Are businesses already profiting from Academies?
The funding of Academy schools was something of a contentious issue in the run-up to May’s General Election.
The suggestion, by then Shadow Schools Secretary Michael Gove in a Sunday Times article, that businesses may be allowed to sponsor Academies for profit prompted then Secretary of State Ed Balls to attack the idea.
Mr Balls said in an April letter to Mr Gove that “parents and taxpayers across the country will be rightly shocked that you are willing to allow taxpayers' money to be diverted from its intended purpose - the education of our children - to the profits of the private companies.”
The opposition was such that Mr Gove was forced to drop the so-called ‘Swedish model’ for profit-making schools in favour of the not-for-profit ‘Charter School’ model used in the United States when the Academies Bill was finally announced.
But did this whole argument miss the point?
Speaking on this morning’s Today programme, Zenna Atkins of independent school operating group GEMS argued that businesses had been making money from Academies for years.
She said: “already… private sector companies that are running schools are clearly making a profit under their operating contracts.”
Full Fact contacted GEMS to find out more about this claim, and a spokesperson told us that whilst an Academy’s “educational provider” (the group responsible for running the school) is usually barred from making a profit, this is not the case for other firms employed by a school.
But are these profit-making companies really already ‘running schools’ as Ms Atkins suggests?
Alasdair Smith, National Secretary of the Anti-Academies Alliance thinks not.
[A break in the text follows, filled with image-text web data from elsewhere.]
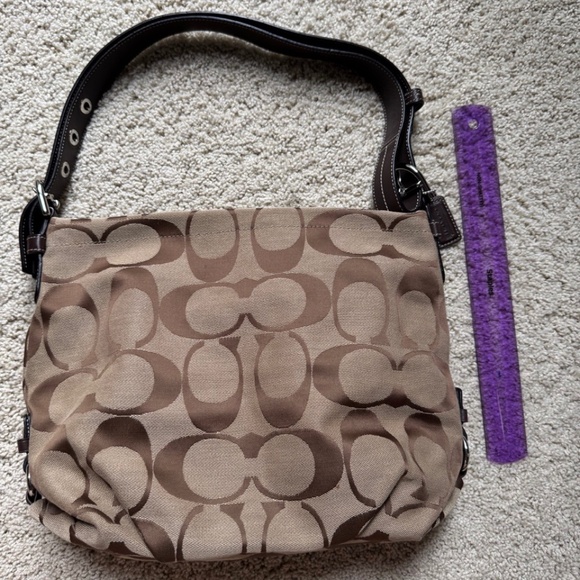 Coach medium shoulder bag - Picture 1 of 5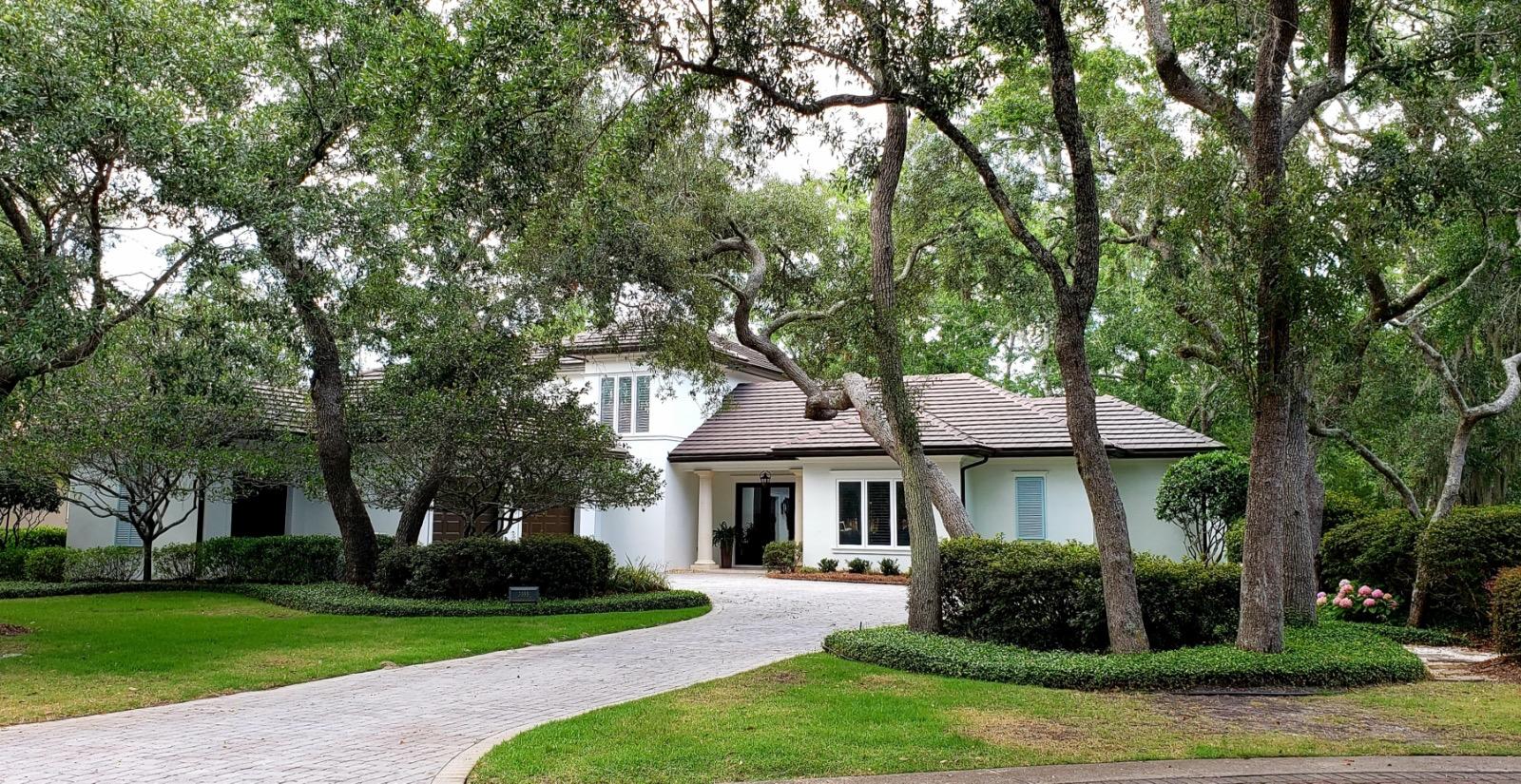 BURNT PINE EAST - Residential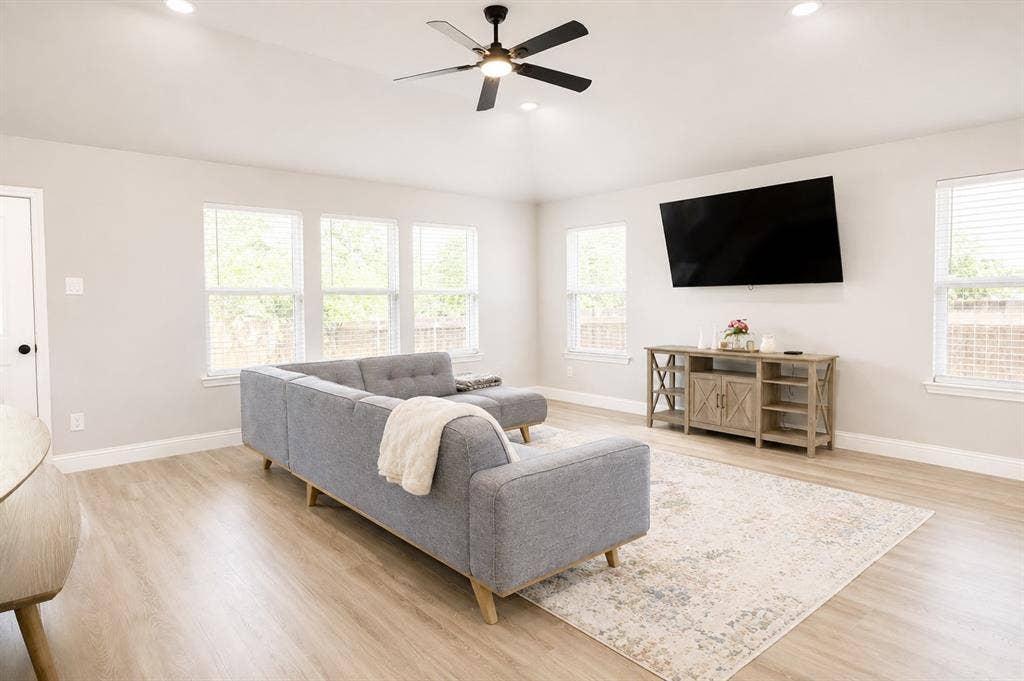 1420 Marshall Street, Greenville, TX 75401 1420 Marshall Street, Greenville, TX 75401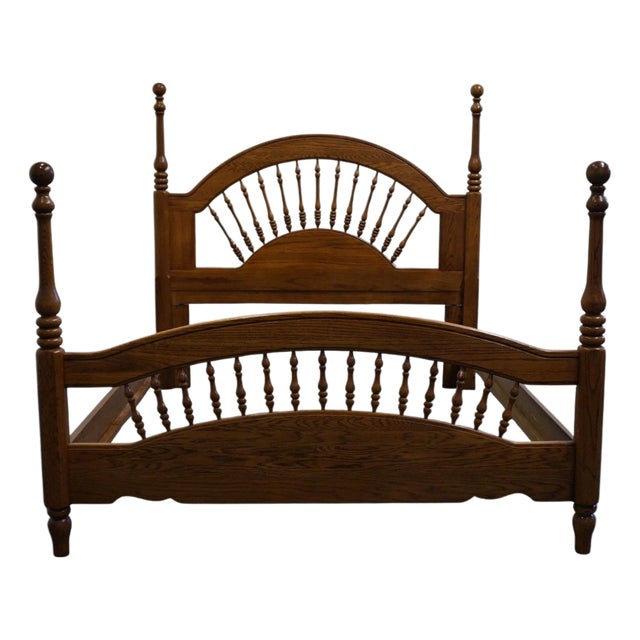 Lexington Furniture Recollections Collection Solid Oak Rustic Country French Queen Size Spindle Bed 468-140 For Sale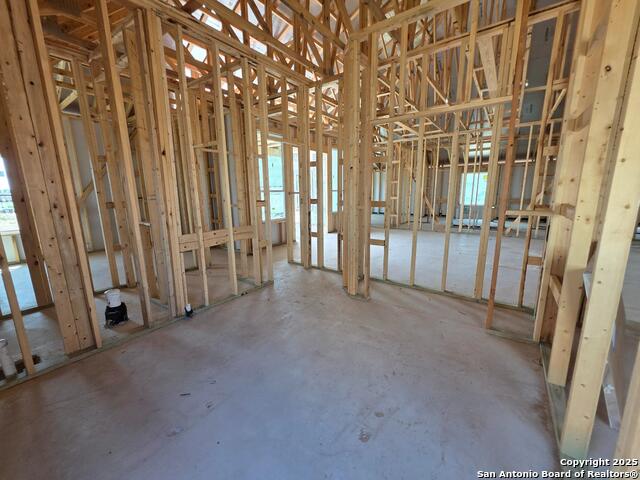 Listing photo id 23 for 12918 Horseback Pl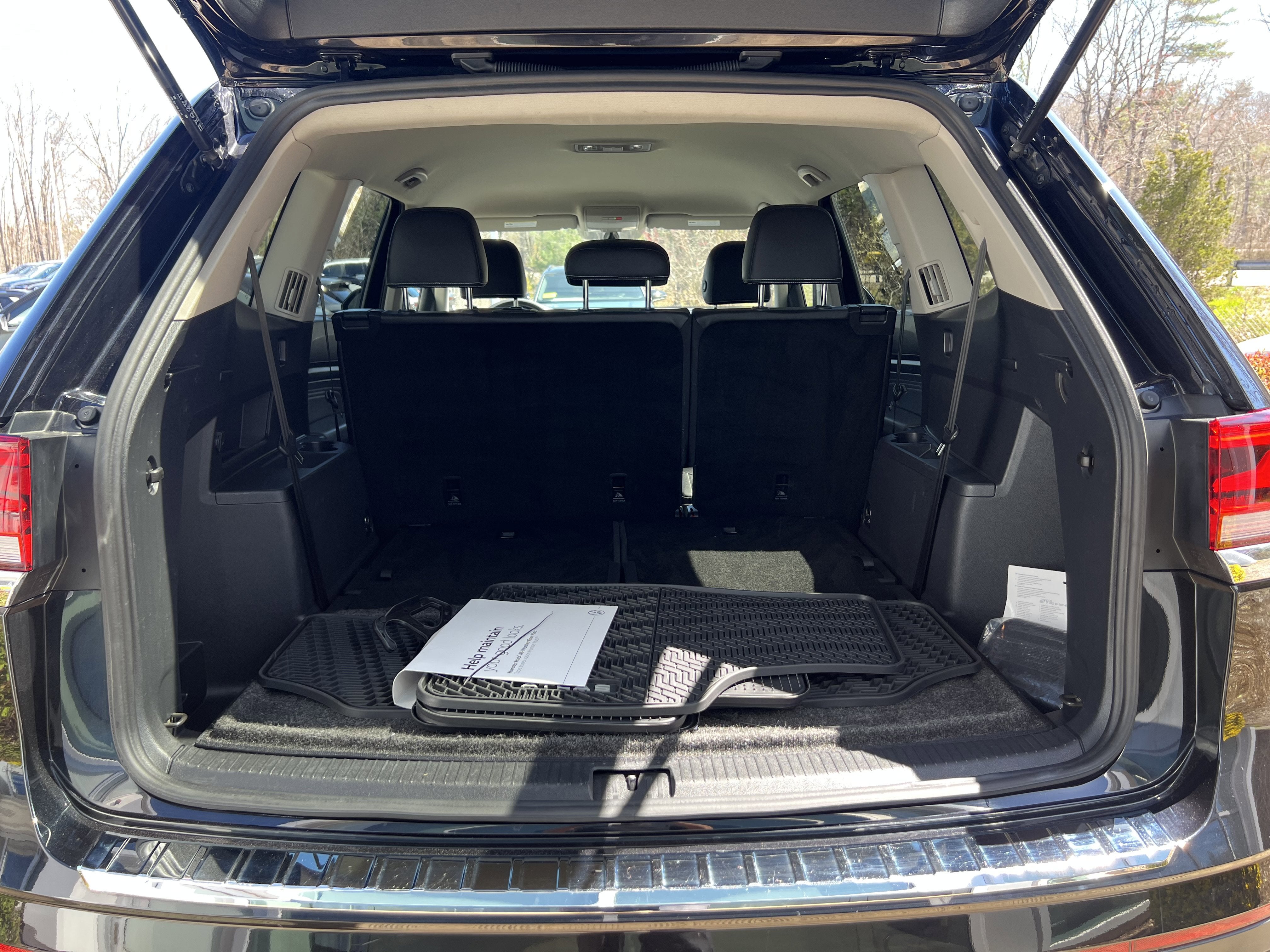2023 Volkswagen Atlas 2.0T SE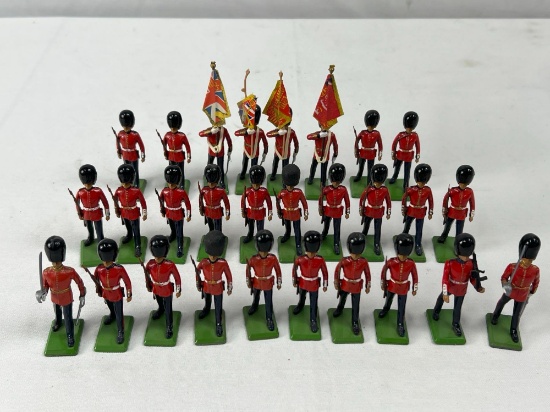 BRITAINS MIXED LOT SCOTS COLOR PARTY AND SCOTS GUARD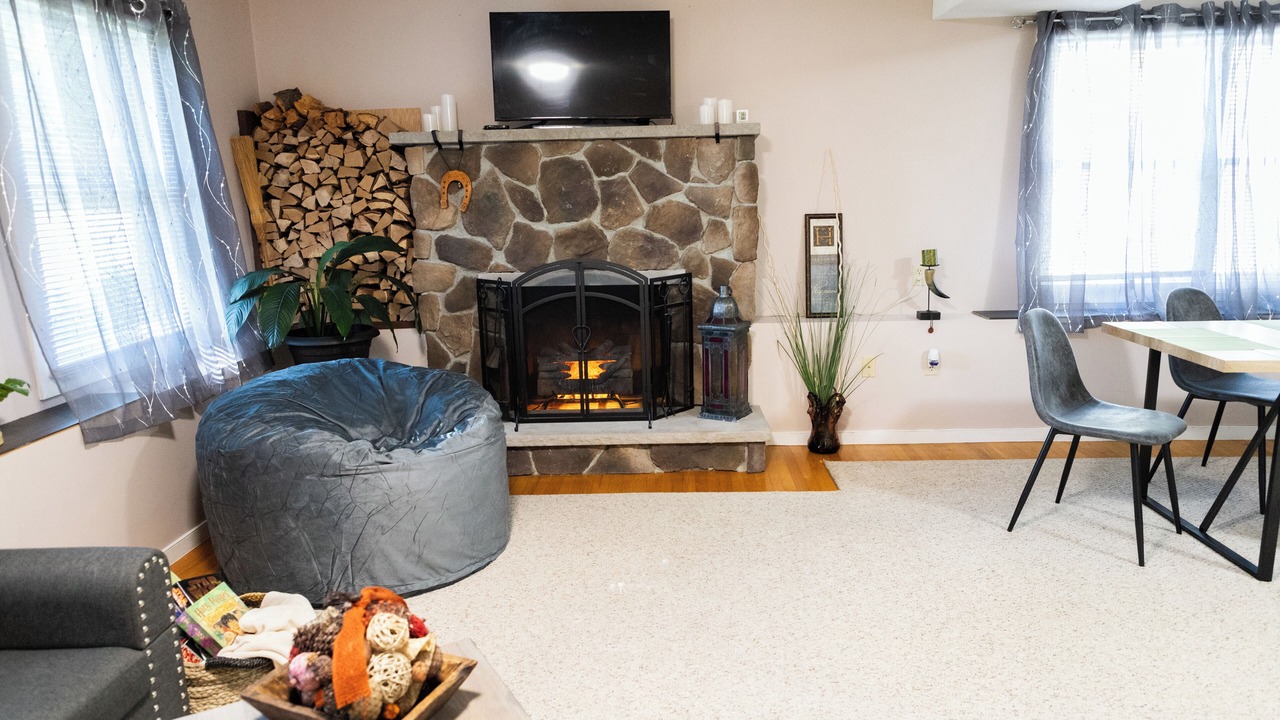 Photo of Livingroom in Woburn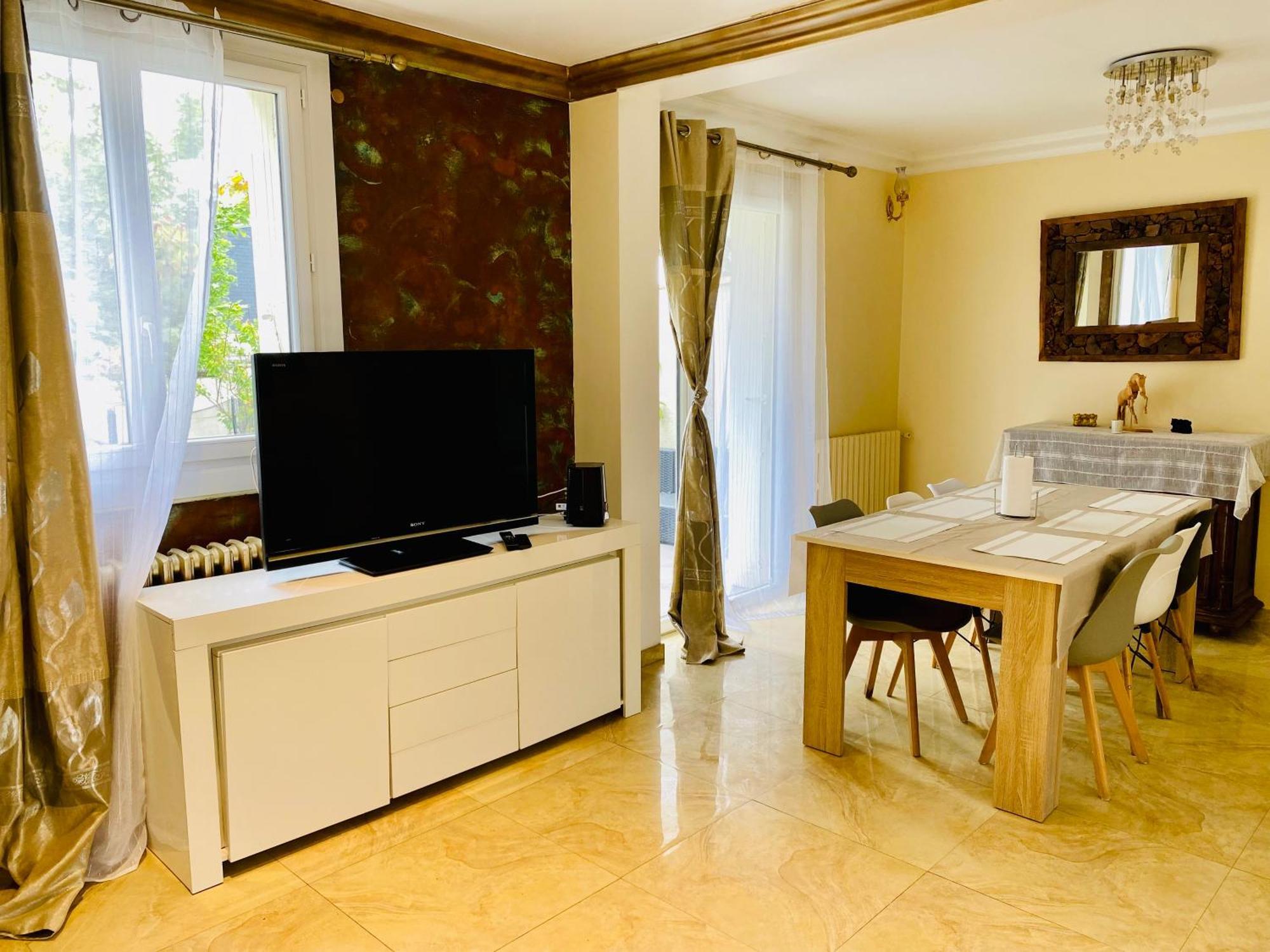 Maison Montmorency Apartment ภายนอก รูปภาพ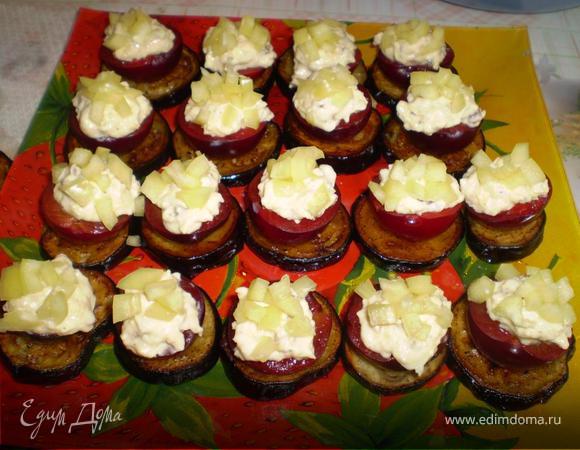 ... и посыпаем кубиками перца. Все, приятного аппетита!!!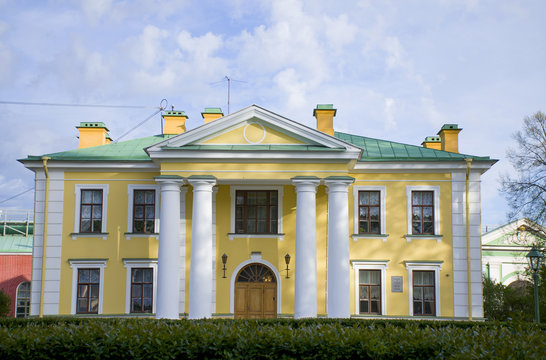 Place of interest of the city of St. Petersburg Pyotr and Pavel's engineering house
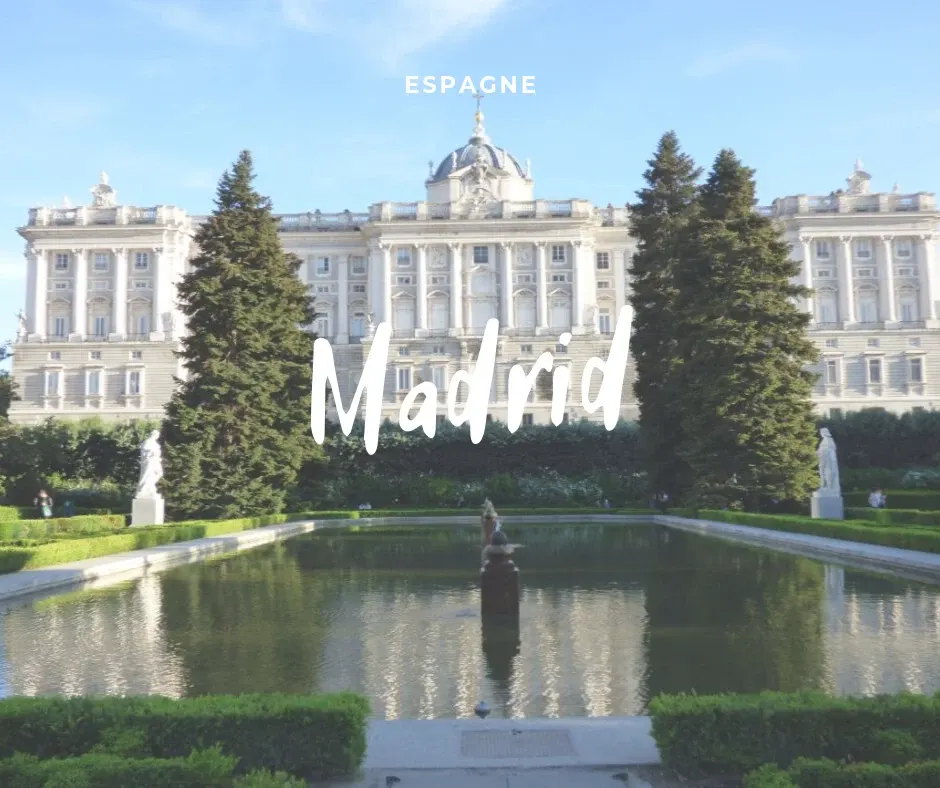 Palais royal de Madrid reflété dans le bassin de ses jardins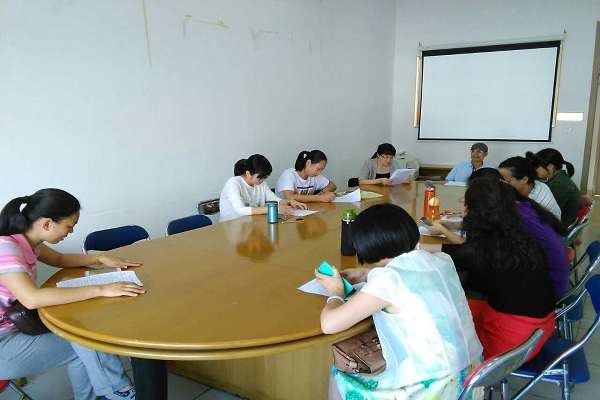 思政教研部黨支部開展“兩學一做”學習教育活動--組織交流《知心法官》心得體會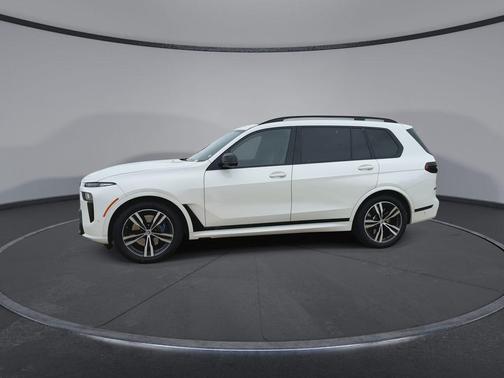 Alpine White 2023 BMW X7 M60i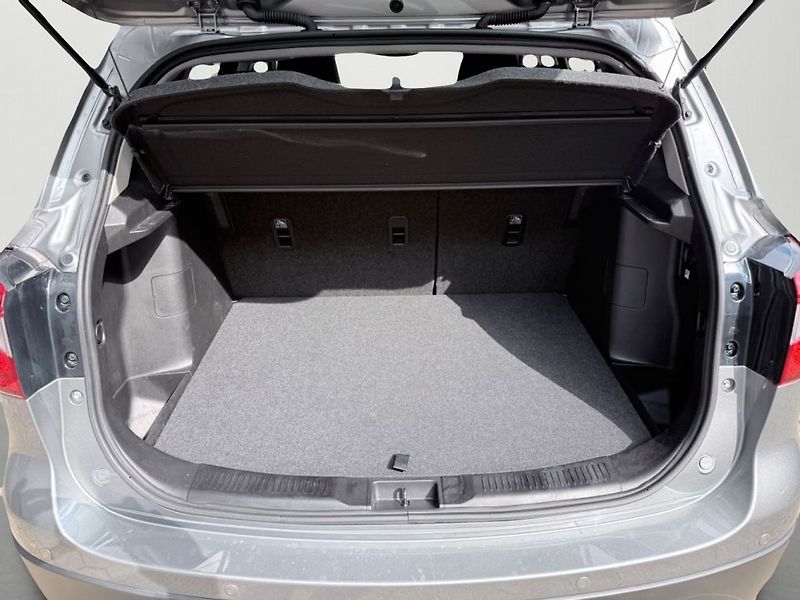 Suzuki SX4 S-Cross Comfort+ 4x4 Navigace /Xenony - fotka 21 z 23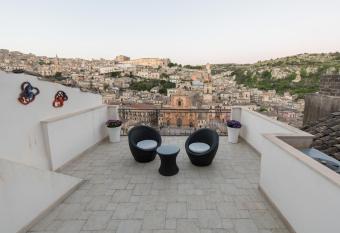 Mimma holiday house has Balcony rooms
He told Full Fact that whilst contractors, consultants and service providers all make profits from Academies, there is an important distinction between that and the role fulfilled by the charitable trusts currently charged with running them.
“What we currently have is businesses making money out of services. This isn’t unique to Academies, as many local authority schools also employ private firms for some services, especially under Building Schools for the Future,” he said.
“What is new about Ms Atkin’s proposal is for firms to make money out of providing education. This is where schools can profit from cutting back on the provisions of things like teachers, as happened in Swedish schools that were run in that way,” he added.
Whilst it appears Ms Atkins’ statement might gloss over some important context, there are reasons to think that profit-making in the provision of state education may be closer than is commonly thought.
The legislation required to make a profit from the provision of education in state schools is actually already in place. Indeed there are currently three schools across the country already operating under this model, including Kings’ College in Michael Gove’s own Surrey constituency. This school was taken over by the private firm 3E’s Enterprises under the previous Government in 1999.
So the focus of the current controversy may well be misplaced. Whilst Ed Balls protests about the Coalition Government “allowing profit-making companies to set up new schools”, the legislation that ‘allows’ this actually existed – and was used – under the last Labour Government.